The first approach we chose was to use the browser window, which is also shared with the micro frontend, to share an object that provides a common API interface between the container and the micro frontend. This API consists of a series of functions, such as an “update” function that allows the micro frontend to send the configuration of its updated data to the container, which then takes care of storing it and then sending it to the backend when the user presses the save button.
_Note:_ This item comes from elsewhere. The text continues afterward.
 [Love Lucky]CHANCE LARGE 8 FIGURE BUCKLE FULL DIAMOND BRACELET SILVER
We subsequently encountered a similar need in the Flow Manager area. We have chosen to look for a more standard approach in order to manage communication without using the browser window. The choice fell on rxjs, a library that allows you to develop reactive applications that respond to the occurrence of certain events, through the Observer pattern. There is an “observed” object, called Subject and “observers” objects, called Observers, that are listening to changes in the state of the Subject. When the latter invokes an update function, observers are notified of the data change.
In our case we had the micro frontend that subscribed to the container (which instantiated the observed object).
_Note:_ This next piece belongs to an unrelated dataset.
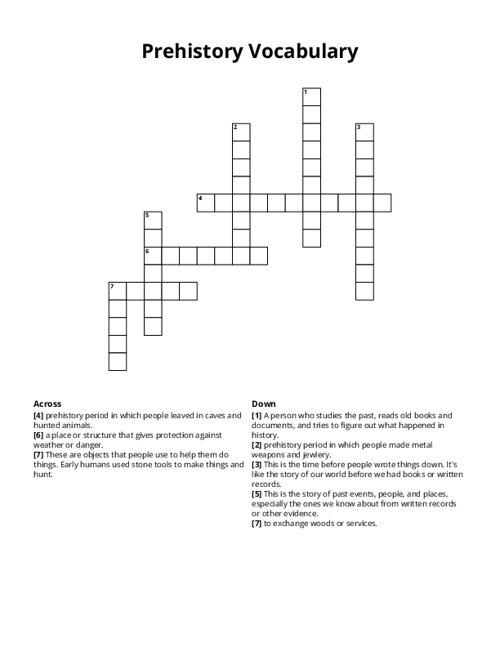 Prehistory Vocabulary Crossword Puzzle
We have subsequently implemented this communication architecture also in the opposite direction. In fact, in order to manage the visibility of the selection of the environment on which to deploy – based on the section in which you are located (deploy, history of the deployment) – we had to introduce a communication from the micro frontend to the container. Therefore, there is the container that subscribes to the micro frontend. When the micro frontend changes section (for example, you go to the History subsection of the Deploy page) the container is notified of the change, and it will take care of hiding the environment selection.
Many services, many resources
Since on Mia‑Platform Console we do not use any CDN for the storage of static frontend files, the use of a micro frontend architecture has brought with it an increase in the resources required for its operation. In fact, for each micro frontend we had to create a service that would expose it in order to allow Qiankun to obtain the static files of the micro frontend.
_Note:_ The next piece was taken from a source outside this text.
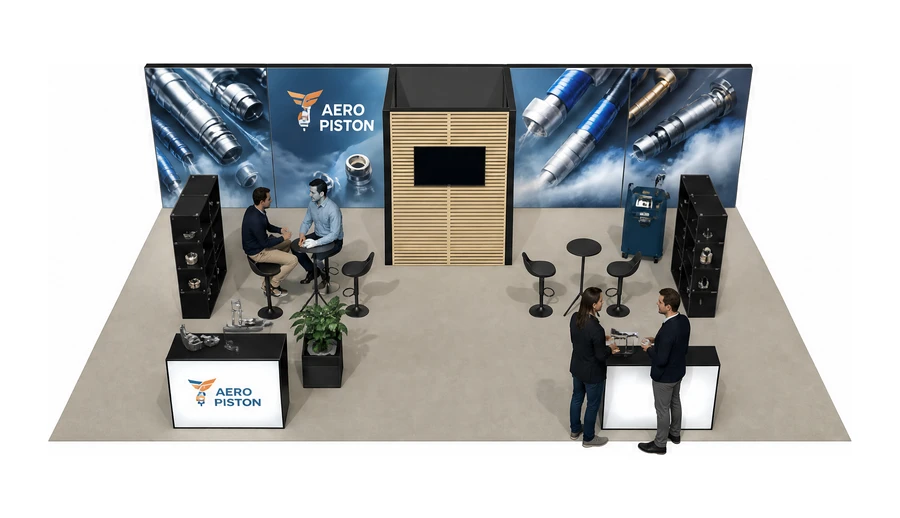 Stoisko 10 × 6 m półwyspowe dla branży pneumatyka i sprężone powietrze, przykładowa marka Aero Piston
On Mia‑Platform Console we therefore needed 10 microservices in order to serve all the micro frontends that make it up. Having 10 microservices means having at least 10 pods at runtime on your namespace, which therefore require a certain amount of resources.
In order to decrease the consumption of resources and the amount of services at runtime, we have decided to aggregate all the micro frontends into a single microservice, which takes care of serving each of them on a specific path. In this way, on the frontend side we have maintained the micro frontend architecture. But on the runtime side, the micro frontends are all served by the same pod of the cluster.
This allowed us to reduce from 10 to 1 the number of microservices on the cluster, needed for the frontend of Mia‑Platform Console.
Starting from our experience we have released micro-lc, the solution for micro frontend orchestration that simplifies the management of micro frontends through an application.
micro-lc encompasses all the backend and frontend parts, and allows them to be extended via plugins, necessary to develop frontend applications, thus speeding up the time-to-market of new solutions.
The project is open-source and available on GitHub.
The increasing complexity of frontends in modern web applications has brought with it progressively interesting engineering challenges. In recent years, the number of web frameworks such as React, Angular, Vue.js and many others have increased, each one with its own peculiarities and strengths.
Websites have gone from being the simple static pages of the 90s – with the sole purpose of showing information and with all the complexity managed on the backend side – to being real web applications with a strong business logic also on the frontend side.
The need to dominate this complexity has therefore become increasingly mandatory, both from a code point of view and from a work management point of view. The use of a micro frontend architecture is one of the answers to this complexity.